In teoria, in pura teoria, questo sarebbe lo stesso sport di Real-City e allora sale un po’ di malinconia. Perché, sì, è inclemente giocare nella stessa settimana del partitone del Bernabeu, ma tra errori tecnici e carenza di idee, il derby di Torino si affloscia come un copriletto stinto e polveroso su due tifoserie che, per ragioni diverse, stanno perdendo l’entusiasmo e meriterebbero un po’ di più. Il derby si riduce, invece, a un puntino minuscolo che non consente alla Juventus un altro balzo verso la prossima Champions League e allontana il Toro dalla qualificazione in Conference. Poi, per carità, restano le occasioni da gol, quelle di un impreciso Vlahovic e quella dello sciagurato Lazaro nel recupero (che ha perso l’occasione di entrare nella storia del club), ma non è stato un derby saporito, il ritmo è stato moderato, l’agonismo al minimo sindacale per una stracittadina.
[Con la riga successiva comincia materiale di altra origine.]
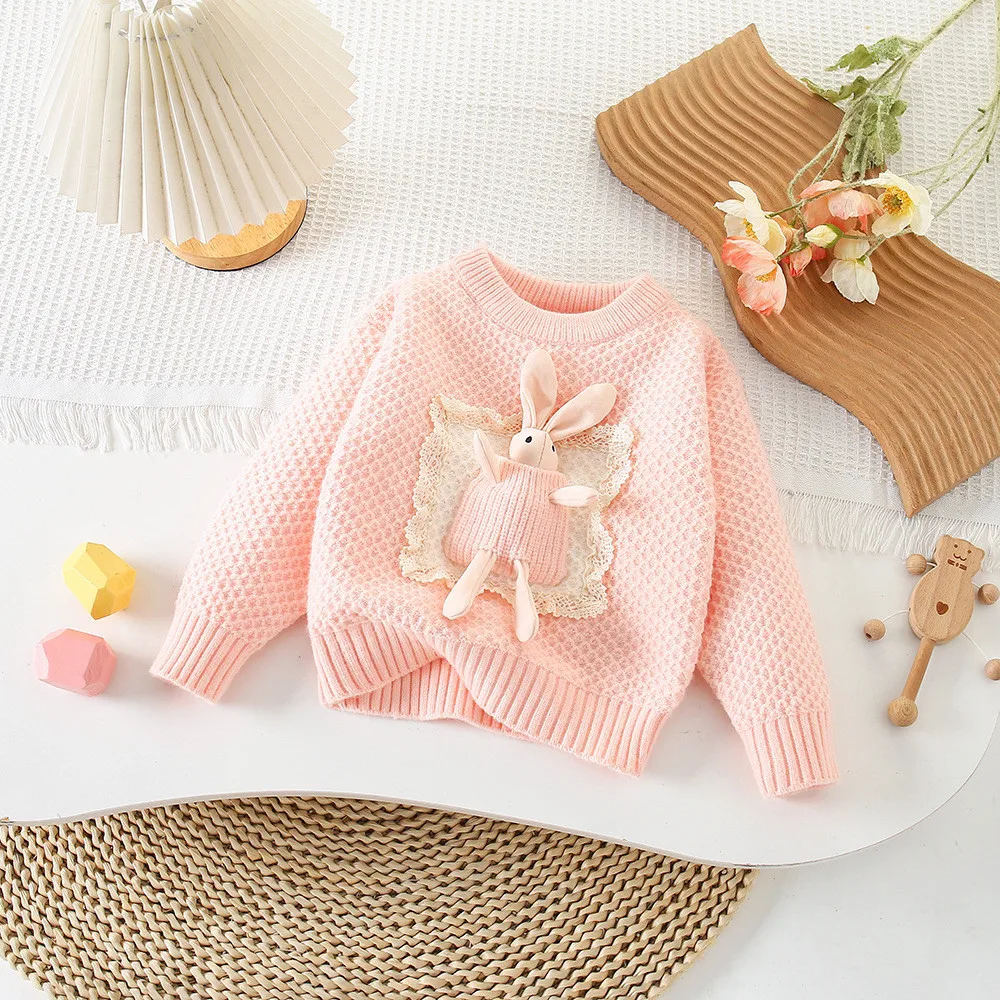Children's Knitted Sweater Girls' Western Style Top Anti pilling Round Neck Little Rabbit Sweater
Children's Knitted Sweater Girls' Western Style Top Anti pilling Round Neck Little Rabbit Sweater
La fotografia della stagione
Insomma, una specie di fotografia della stagione delle due squadre che, per entrambe, non può essere definita disastrosa, ma neppure soddisfacente. Un galleggiare senza troppa infamia e con pochissima lode, un tirare a campare tecnico-tattico per la Juventus, un tirare a campare filosofico per il Toro, che un filo sottile annoda ancora al sogno europeo e un potente magnete attira verso il decimo posto, tomba di qualsiasi libidine tifosa. Ed è proprio qui il problema, perché criticare il derby di ieri non è roba da sommelier del calcio, sarebbe andato bene (come è andato bene decine di volte) anche un derby che sapeva di tappo, ma in un altro contesto e in altre circostanze. E invece la Juventus ha giocato benino mezzo primo tempo per poi assopire lentamente la voglia di attaccare. E il Toro non ha avuto abbastanza convinzione nella ripresa quando ha prevalso per lunghi tratti e aggiunge un altro rimpianto a una collezione da grande museo. Va bene, nessuna delle due squadre merita di essere fustigata.